High concentrations of people and economic assets, often in hazard-prone areas, means cities are vulnerable environments. The report analyses the vulnerabilities and risks of cities with a particular focus on the urban poor and the city’s adaptive capacities. It explores how the urban poor are at risk from climate change and natural hazards, the role of basic services in building resilience and the importance of local governments in supporting basic services. It recommends drawing on good practice examples to integrate adaptive measures into current urban planning.
This report draws on four case studies: Dar es Salaam, Jakarta, Mexico City, Sao Paulo.
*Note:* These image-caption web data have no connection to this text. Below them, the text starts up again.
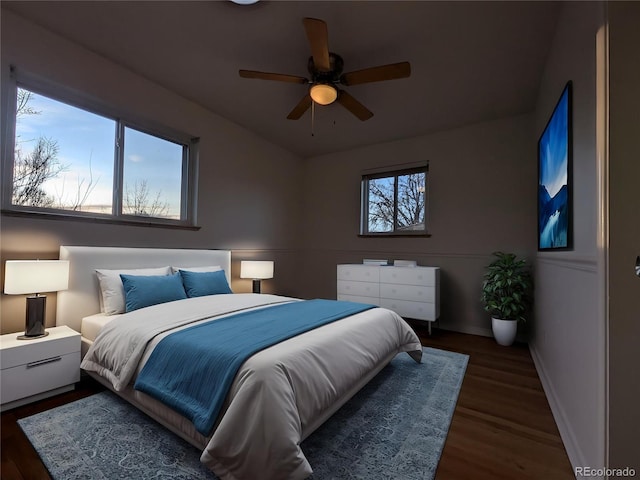 bedroom with baseboards, wood finished floors, and ceiling fan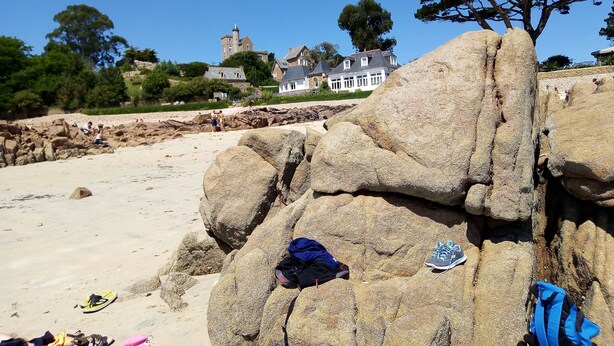 A beach with large rocks, a sandy shore, and a white building with a tower in the background. - Maison à la Mer, "Le Petit Léjon", Idéale Familles ou Amis (Plérin)
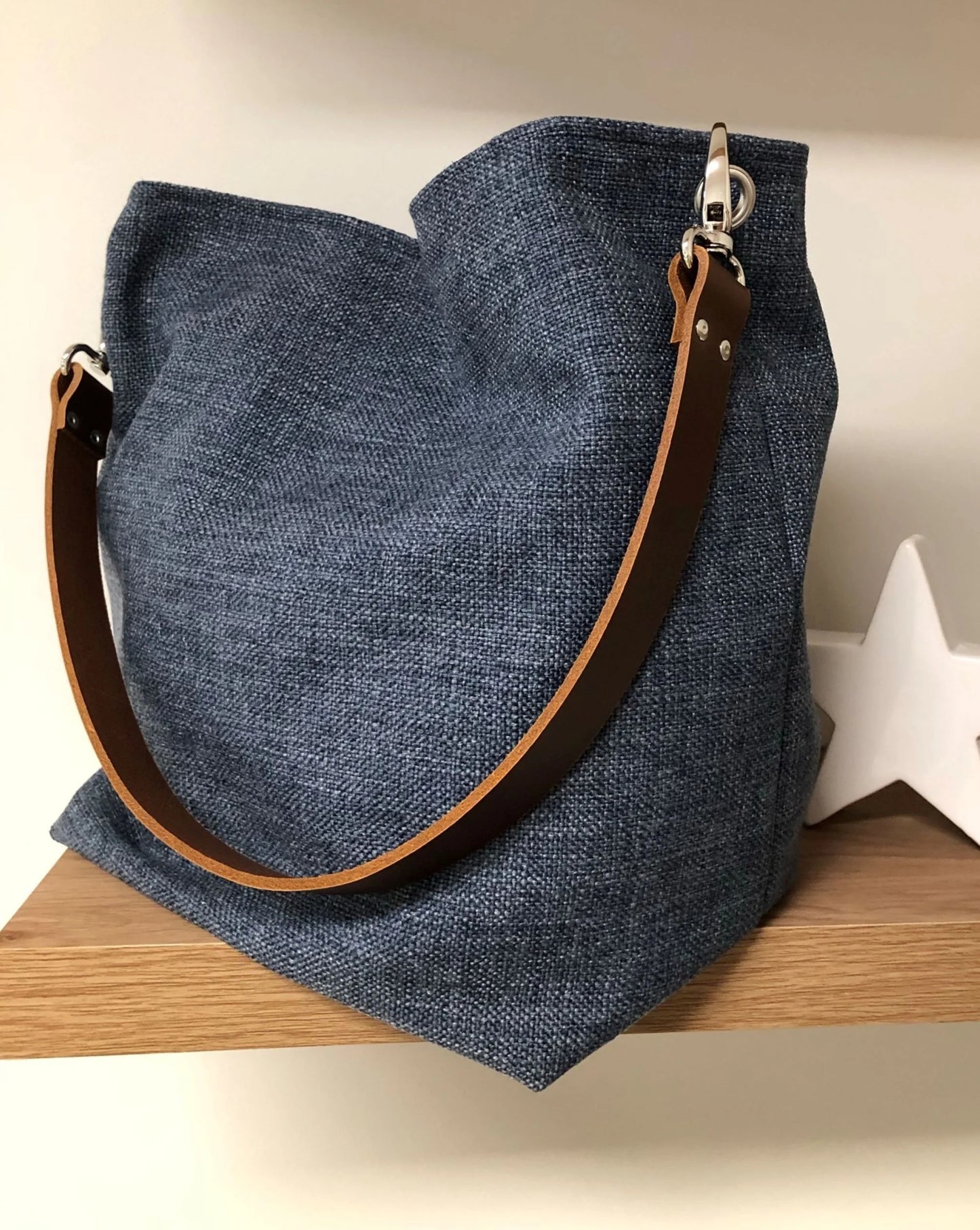 Le sac Hobo en lin bleu et son anse en cuir marron.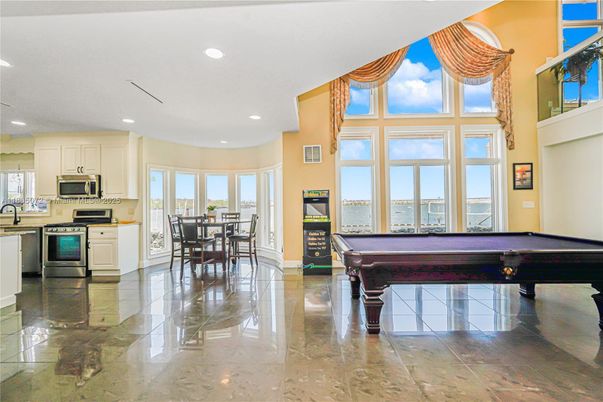 Billiard Table, Dining room, Game Room, Interior, Kitchen, Recessed Lighting, Stainless Steel Appliances, Water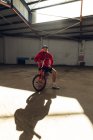 Portrait d'un jeune homme caucasien barbu portant une casquette de baseball, un short et un haut rouge assis sur un vélo BMX regardant la caméra dans un entrepôt abandonné, la lumière du soleil projetant son ombre devant lui — Photo de stock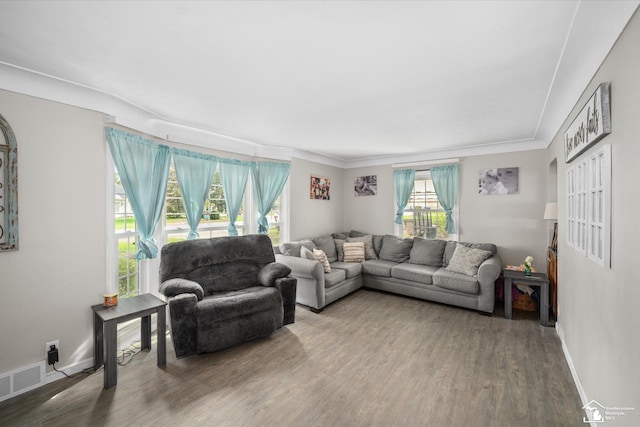 living area with baseboards, wood finished floors, visible vents, and ornamental molding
It uses an analytical framework developed by the IPPC which looks at the risks posed by natural hazards and defines vulnerability as a function of a system’s exposure, sensitivity, and adaptive capacity.
Risks are particularly high in low and middle-income countries where between one-third to one-half of urban populations live in informal settlements. People living in these areas face a range of challenges, such as access to safe and reliable water and transport. Affordable areas to live in the city for the poor are typically hazard-prone, unsafe, and overcrowded, with insecure tenure and limited infrastructure. These issues heighten the sensitivity of the urban poor to climate change and disaster risks such as landslides, flooding and other effects of climate change.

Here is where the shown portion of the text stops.